Le disque classique est une ZAD : zone à défendre. C’est un produit culturel qui ne peut plus coucher dans le lit de la variété aux conditions de la variété.
Bienvenue ici, dans la suite de mes réflexions sur le pourquoi et le comment d'une indispensable révolution dans le modèle du streaming musical affecté à la musique classique. Les trois textes de cette infolettre sont des extraits des trois parties de l’article intégral, réservé aux abonnés "PREMIUM".
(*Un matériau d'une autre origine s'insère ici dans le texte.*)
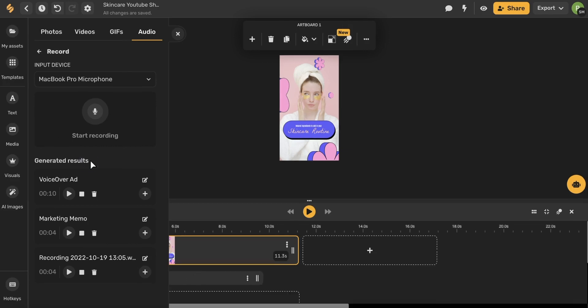All of your generated results and your recordings will save under here so you never have to worry about losing your recording. It doesn't matter if you're working in a different template. If you're in the same workspace anyone from your team will have access to these generated results.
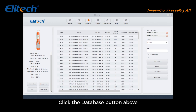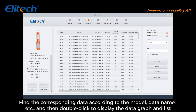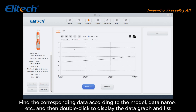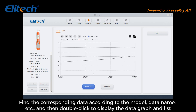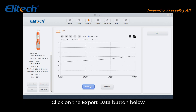If you need to view previously exported data, click the Database button above. Find the corresponding data according to the model, data name, etc., then double-click to display the data graph and list. Click the Export Data button below to export.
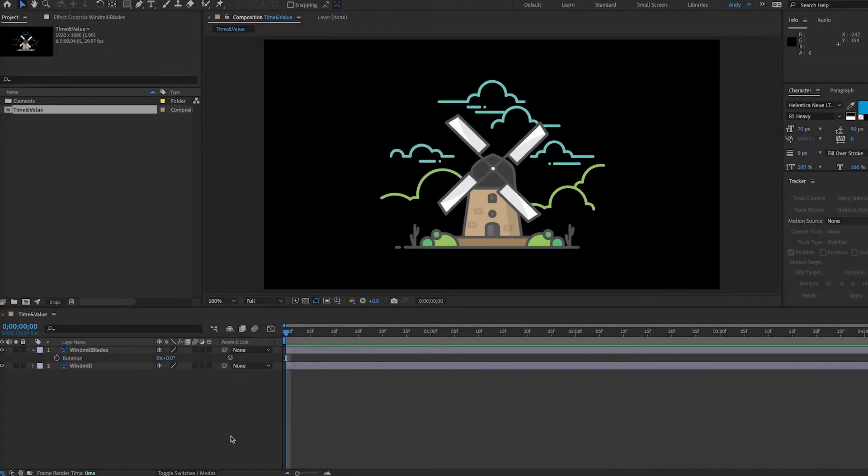Hello, this is Andy Ford from Andy Ford Video and we're going to take a quick look at the time and the value expression today.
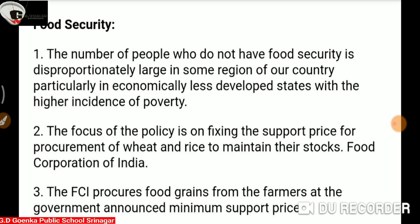Buffer stock is basically the food which FCI procures and stocks in their own godowns, so that the need of the people can be satisfied. PDS — Public Distribution System — is the ration card system. They divide the food grains according to the areas.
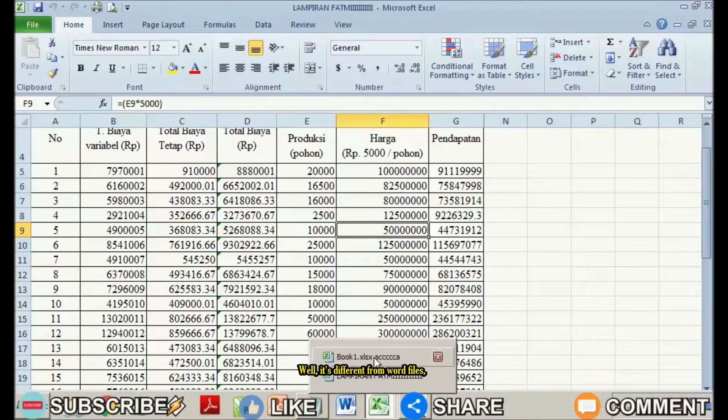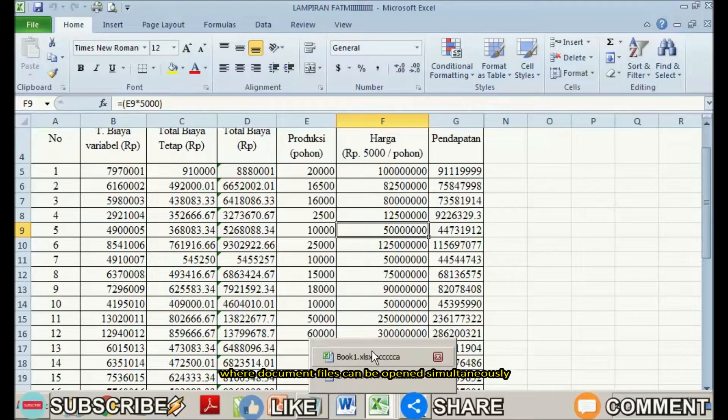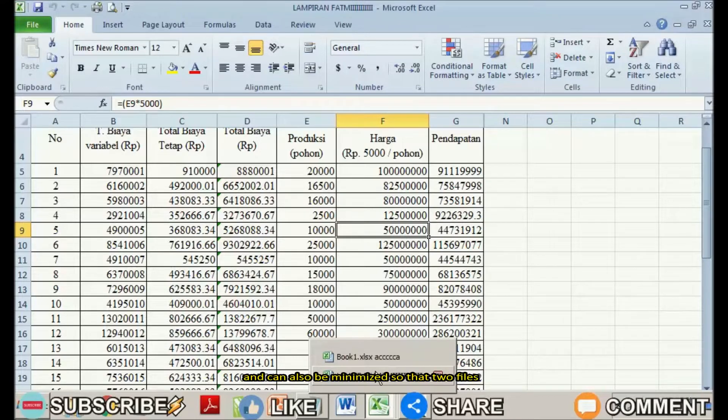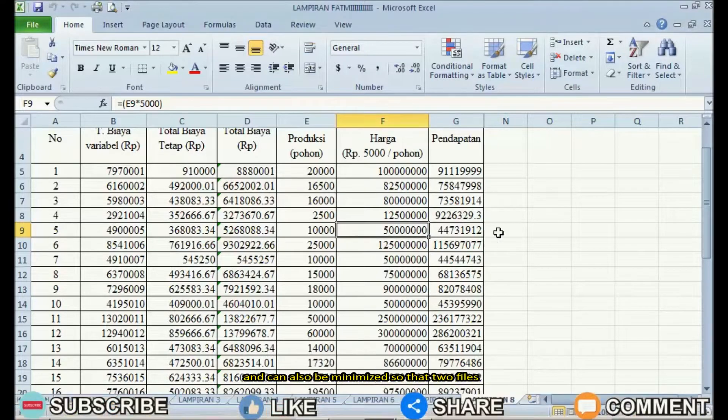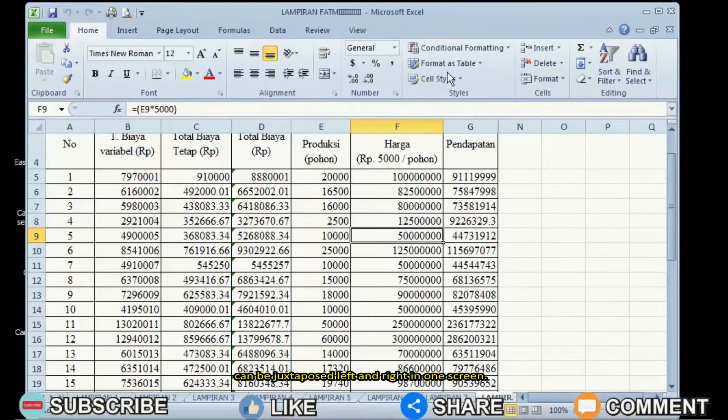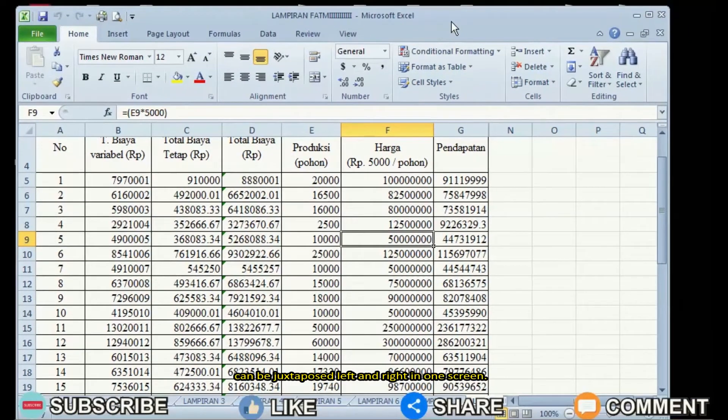It's different from Word files, where document files can be opened simultaneously and minimized so that two files can be juxtaposed left and right in one screen.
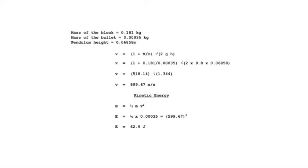The kinetic energy equation determined that the bullet had about 63 joules of energy.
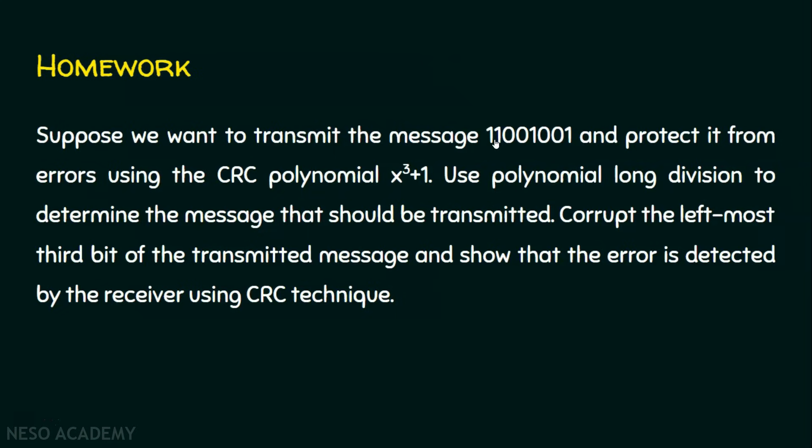The leftmost third bit of the transmitted message - if this is the message, the leftmost third bit should be corrupted. It means when we see 1 here, it should become 0, or if we see 0 here, it must be 1. So in this case, 0 will be made as 1. Deliberately corrupt the leftmost third bit of the transmitted message and show that the error is detected by the receiver using CRC technique. After you deliberately make the error in the transmitted message, the receiver does the same polynomial long division operation, but the remainder will not be zero. If the remainder is a non-zero value, obviously there are errors.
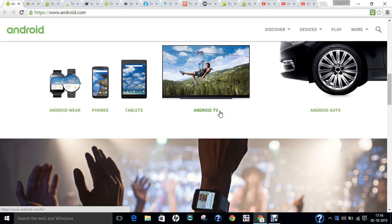After KitKat came Lollipop, versions 5.0 to 5.1.1. More recently, Google released Android 6.0, which was known as Android M and is officially named Android Marshmallow.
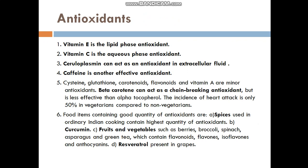The incidence of heart attack is only 50 percent in vegetarians compared to non-vegetarians. Food items used in ordinary Indian cooking contain a high quantity of antioxidants.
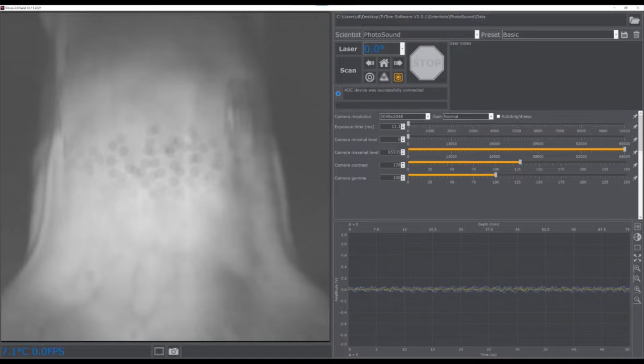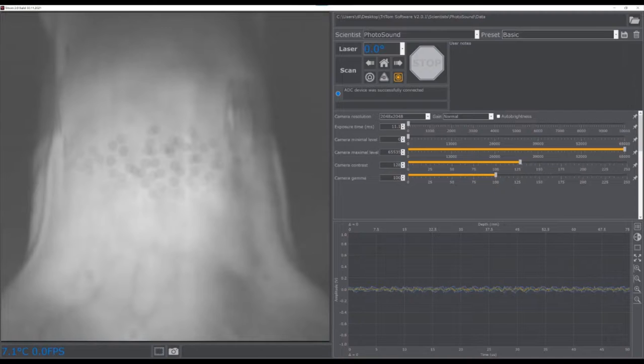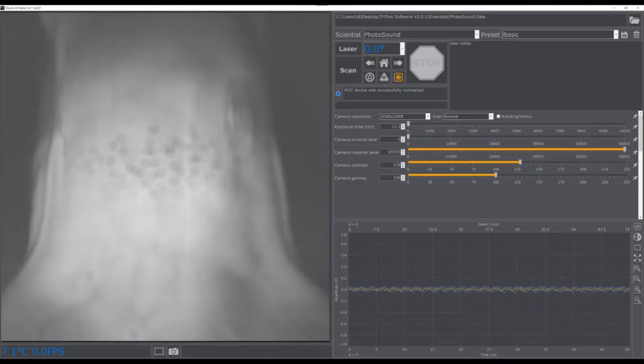To the right of the laser settings menu are the camera settings, which include options for the resolution gain, an auto-brightness function, and various other features for optimizing the optical data.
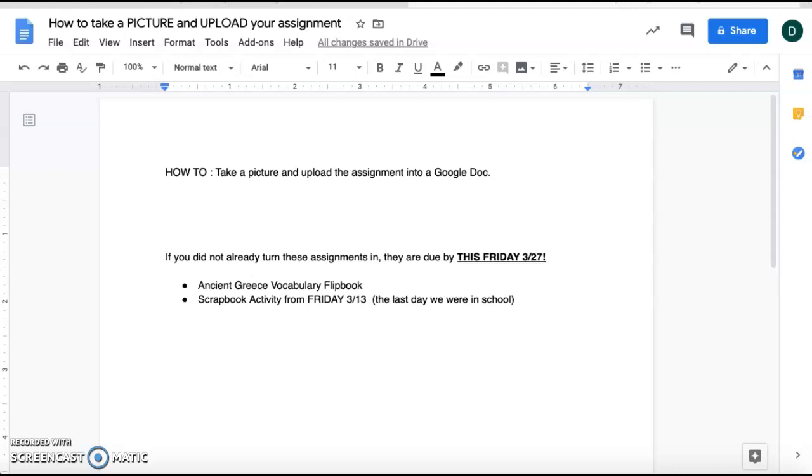Hi everyone, this is Ferreira. I'm just going to show you how to take a picture and upload that assignment into a Google Doc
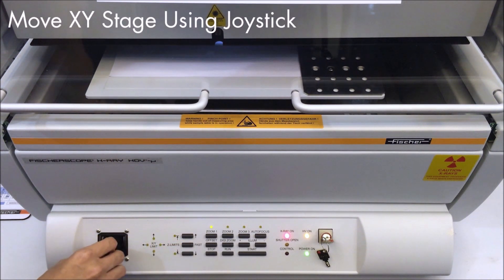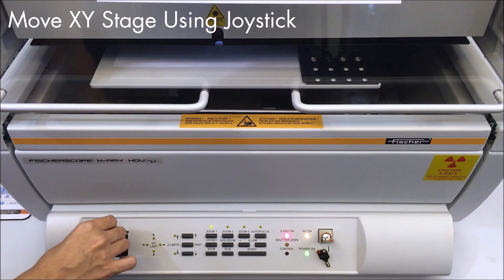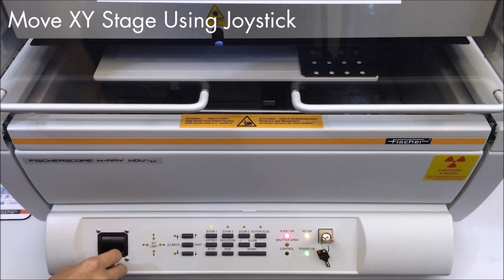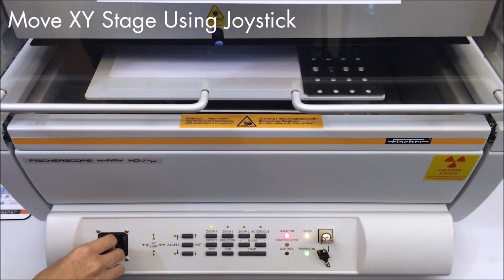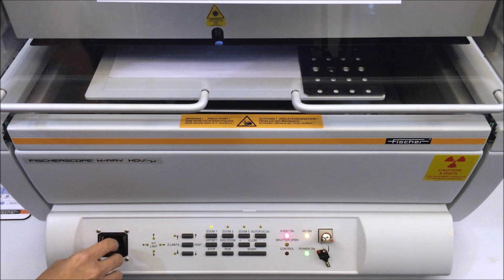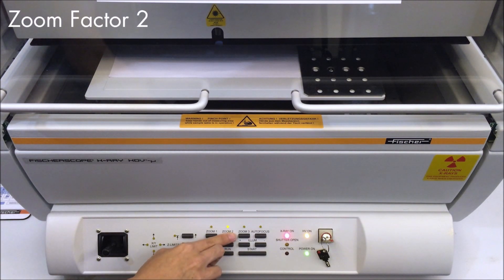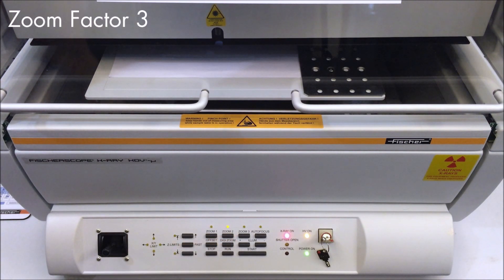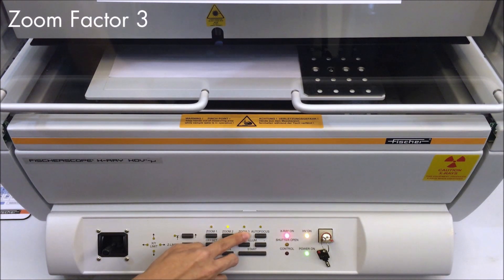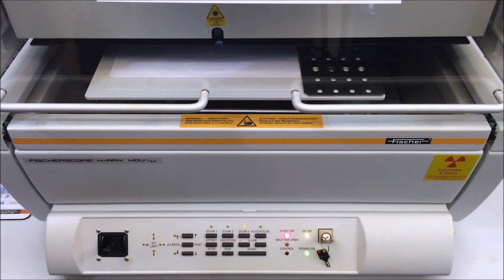This video series will demonstrate how user-friendly it is to measure samples, calibrate, normalize, program automated measurements, and create a report.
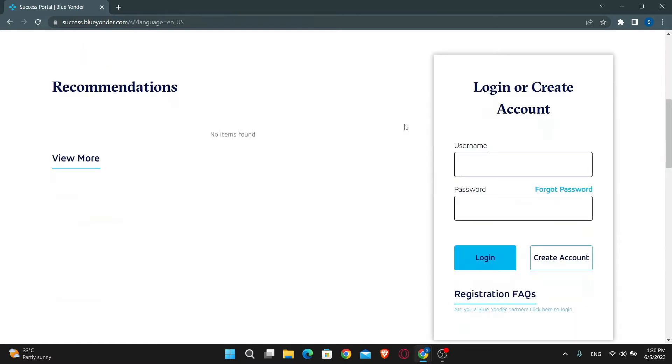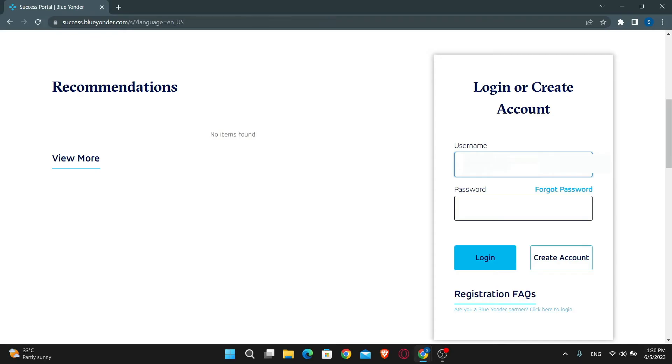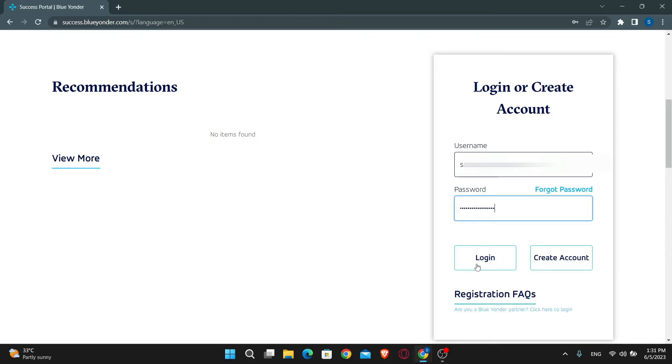Now just scroll down and you will find the section which says login or create your account. If you don't have an account yet you can click on the button which says create your account. In order to log in, just go ahead and type in your username followed by your password, then just click on the login button and you will be logged into your account on Blue Yonder email.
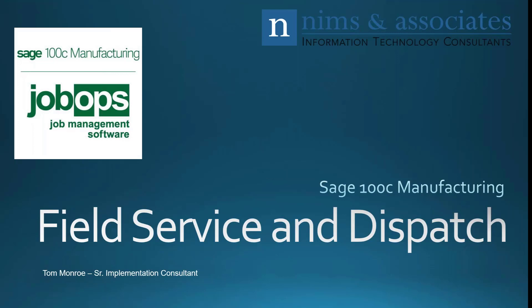Thank you very much for joining us today. Today we're going to continue our series on Sage 100C manufacturing. Today we're going to talk about field service and dispatch.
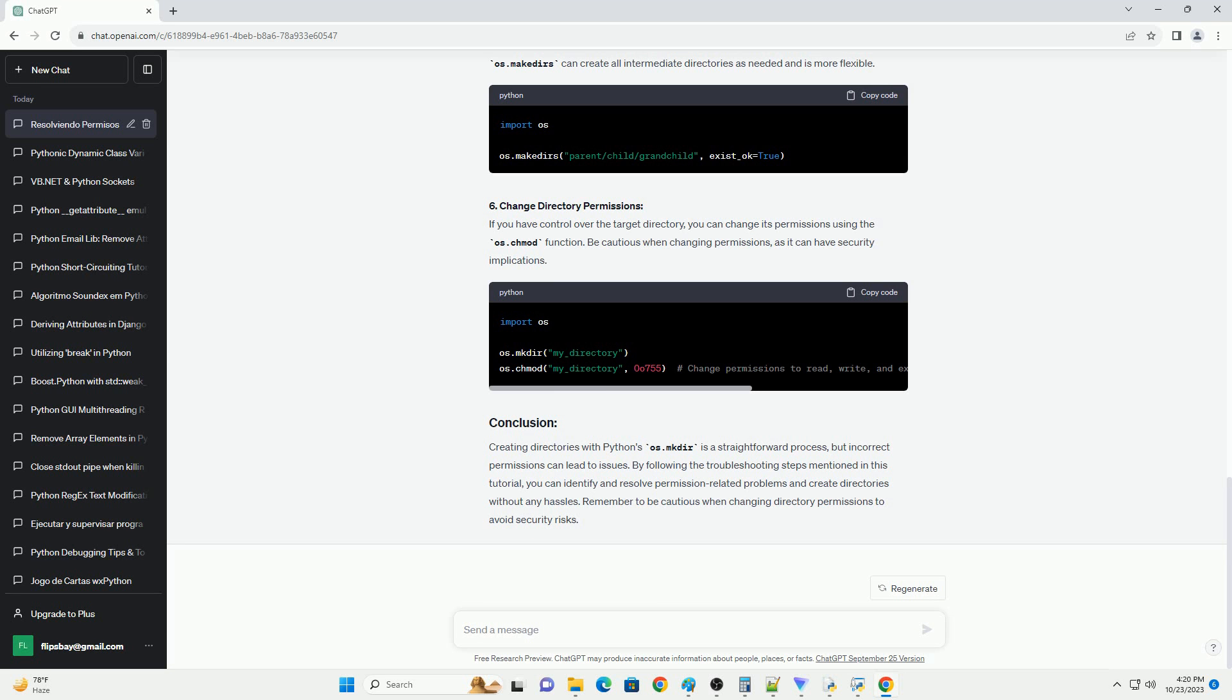Insufficient Permissions: The most common cause of wrong permissions when creating directories is a lack of permission. If your script doesn't have the necessary permissions to create a directory in the specified location, you will encounter a permission-denied error.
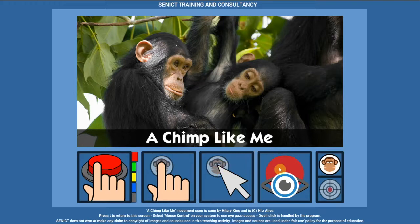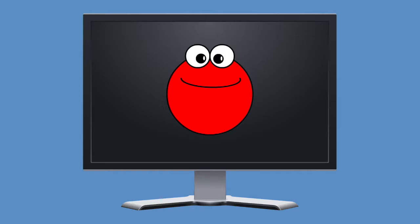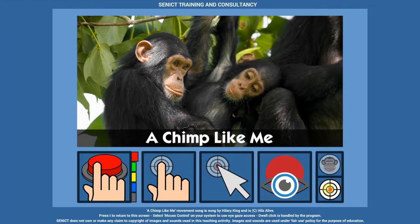If you want to use this activity with eye gaze, click here. Your eye gaze system should be set to mouse or Windows control. Our software will handle the dwell click. By default, the dwell click in this activity is set to one second. Use this option to choose to work with either image targets or high contrast bullseye targets.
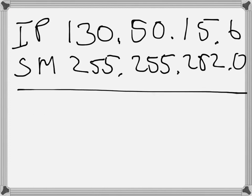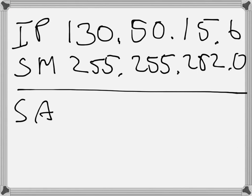Then in order to find the subnet address, what we do is a binary AND. So we have 130 and 255, then 255 that is only ones, so that is still 130.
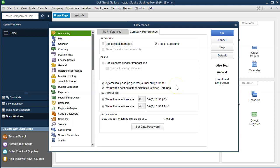Automatically assign general journal entry numbers. When you make a general journal entry with debits and credits, it'll automatically assign a number to it. That's basically a useful practice to have. Therefore, we will keep that setting there.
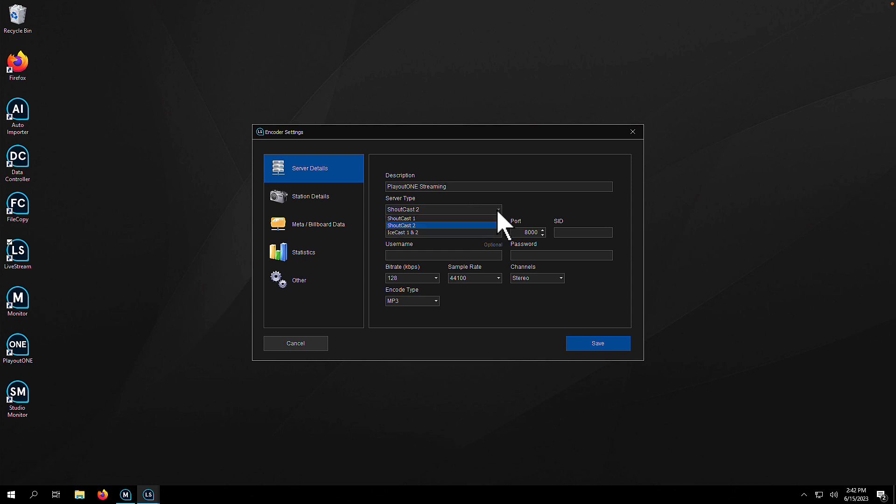The description is play out one streaming. You've got the choice between ShoutCast two, ShoutCast one, and IceCast one and two. Pop in your server host name in the box here. Port for me is 8000. My SID, if I'm using ShoutCast in this instance, is number one. If you're using IceCast, then you'll have a mount point to pop in there.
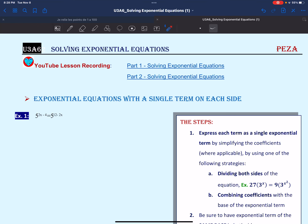Hello and welcome. In this lesson we will learn how to solve exponential equations. Exponential equations come in different forms, which requires different or unique strategies to solve each and every one of them.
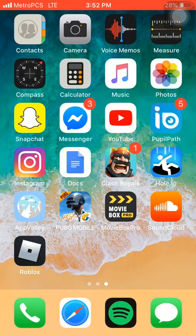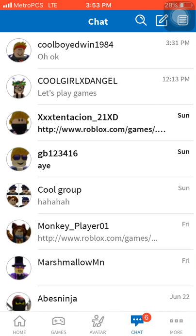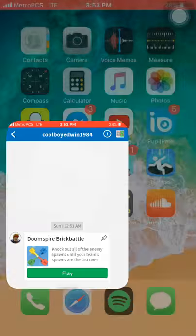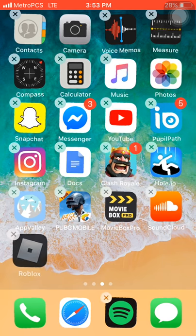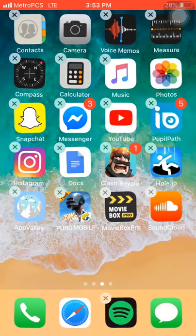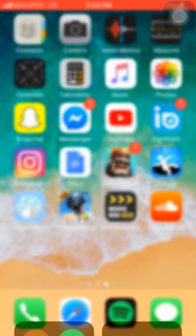Hello everybody, today I will be showing you guys how to erase the Roblox chat. First, you have to open the Roblox app. As you can see, I have a chat here that I want to erase. To erase this chat, exit the Roblox app, hold on the app, press the X button, and boom — this is how to erase a Roblox chat.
Le disque de musique classique est un produit culturel à part entière, légitime, aussi respectable pour ses amateurs qu'un ouvrage de littérature. Le passage d’un système de vente « à la galette » à une offre forfaitaire par abonnement lui a été hautement préjudiciable sur le plan économique et a introduit un biais rédhibitoire. Nous ne pouvons plus admettre qu’il soit confondu dans sa logique autant éditoriale que commerciale avec un disque de variétés.
Le modèle généraliste du streaming depuis 15 ans a largement montré son ineptitude à proposer une rémunération correcte aux acteurs du disque spécialisé. Ce système n’est pas réformable ou adaptable en tant que tel. On ne peut plus raisonnablement attendre jusqu’à la Saint-Glinglin que le niveau des abonnements généralistes atteigne ce point rêvé où le classique retrouverait une part de revenus décente au global, de laquelle la redistribution serait encore à discuter avec les puissants du métier.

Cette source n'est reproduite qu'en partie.